After visiting more places, and by describing his journeys, he produced the first sailing directions – like Stabo’s Geography- and the first maps that initially had the form of simple sketches. By using these rough means, and the empirical knowledge he had acquired, he achieved to sail at the known word of the era and, at the same time, to discover new routes – for example the voyage of Alexander the Great to India.
In the 20th century navigation has already been evolved because of the invention of the gyrocompass, the release of the modern ephemeris and the data it presents about various celestial bodies, the maps that accurately depict the morphology of the shores and the seafloor, the pilots that describe clearly the shores, the harbours, the dangers etc and dictate instructions of voyage and, finally, because of the lighthouse catalogs that record the characteristics of the lighthouses.
However, the revolution was brought by the development of electronics, whose applications in navigation helped the mariner to sail safely in the globe. Such applications are: The emissions of hourly signals that contribute to the testing of the chronometers, the weather forecasting that predicts heavy weather in an area, the radio beacons that obtain the bearings far from the shores, the radiotelegraphy and radiotelephony for communicating with other vessels and offshore stations, the echo sounding instruments that determine the sea depth under the vessel, the radar that estimates the distances and obtains the bearings even in the denser fog, the various instruments of hyperbolic navigation that enable the mariner to determine accurately his position thousands of miles far from the emission stations, and finally the satellites that are the most modern means in position fixing.

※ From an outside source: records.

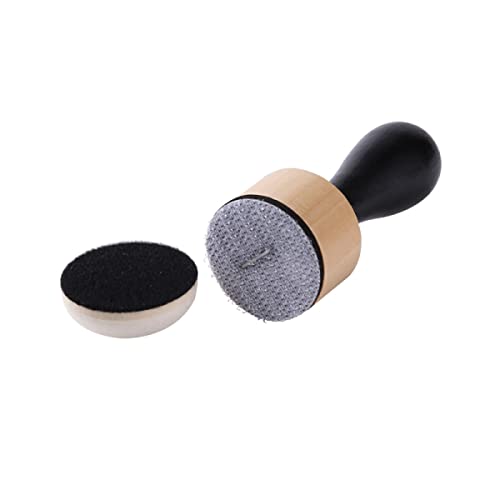 OTCRAFT 12PCS Mini Ink Blending Brushes Tools with Replacement Round Foams Refills Round Stackable Jars Storage Cases Set for Scrapbooking Painting Art Supplies Hand Tool Craft Cardmaking Drawing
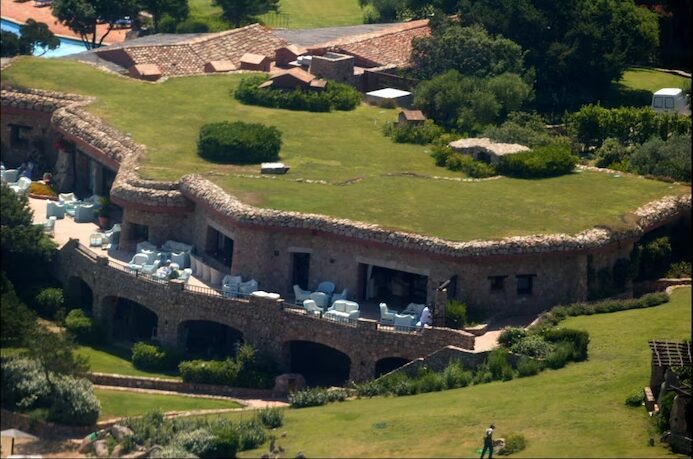 De villa van Silvio Berlusconi op Sardinië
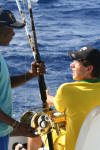 Gareth Roocroft Fighting a Dorado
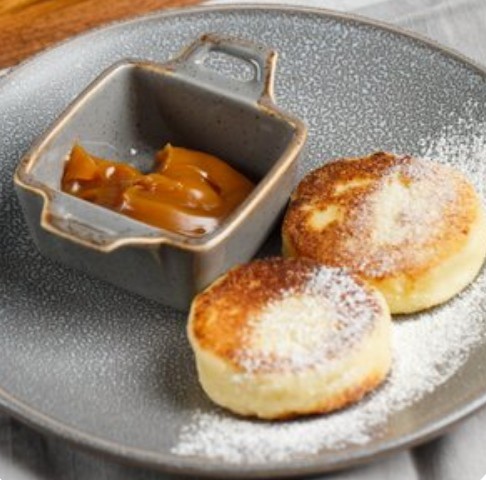 Сырники с домашней солёной карамелью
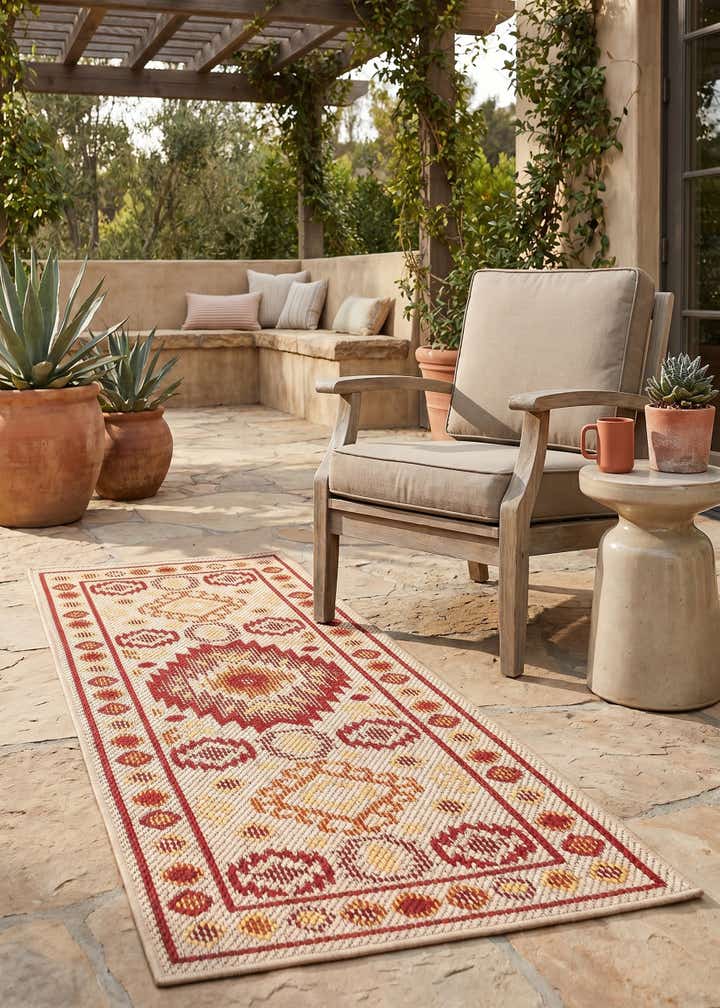 2' x 5' Easy-Clean Baja Indoor / Outdoor Runner Rug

However, the aim of the aforementioned developments was to give the mariner the more data possible in order to sail safely knowing every single moment his exact position on the globe, so as to be able to respond properly in the needs of the voyage.
Despite all these developments in the field of navigation, the nautical chart remains the most helpful aid for the mariner because it enables him: to observe both the representation of the terrestrial surface in a scale marked with the depths and the depth curves that depict the morphology of the seafloor, to be aware of the navigational perils and the exact position of the navigational aids (beacons, minor lights, radio beacons, curves of hyperbolic navigation) and thus to determine on the map his position and shape the course. Moreover, it enables him to register the information he receives.
Therefore, the nautical map is not a dead map but a live aid that can be updated continuously with new navigational information providing the required safety in navigation.
The demand for safety in navigation necessitated the foundation of various hydrographic services in national level, and the creation of large organizations through which International Regulations were decreed and new services were founded providing accommodations in national and global basis. Moreover, new methods and procedures were established aiming exclusively at the protection of human life at sea.
The most prevalent of the aforementioned international organizations are:
a. The International Hydrographic Organization (I.H.O) based in Monaco. Its main objective is the coordination of the Hydrographic Offices of the states and the establishment of International technical specifications for the construction of nautical maps and the edition of nautical publications. It was established in 1921.
b. The International Maritime Organization (I.M.O), based in London. Its main task is the protection of human life at sea. It publishes international regulations and resolutions that are decreed by the governments of the states and constitute inviolable rules that protect human life.
c. The International Association of Marine Aids to Navigation and Lighthouse Authorities (I.A.L.A), based in Parish. Its main task is the development of Lighthouse Networks and the coordination of all the National Lighthouse Services.
d. The International Telecommunication Union (I.T.U) based in Geneva. Its main task is the development of telecommunications in ships and the development of a radio aid network.
To conclude, Navigation has evolved in a great scale until today. However, it cannot be claimed that it has reached to the end of its development. The progress in navigation is going to continue until the point that man will be satisfied by the means he has acquired concerning the safety of the human life.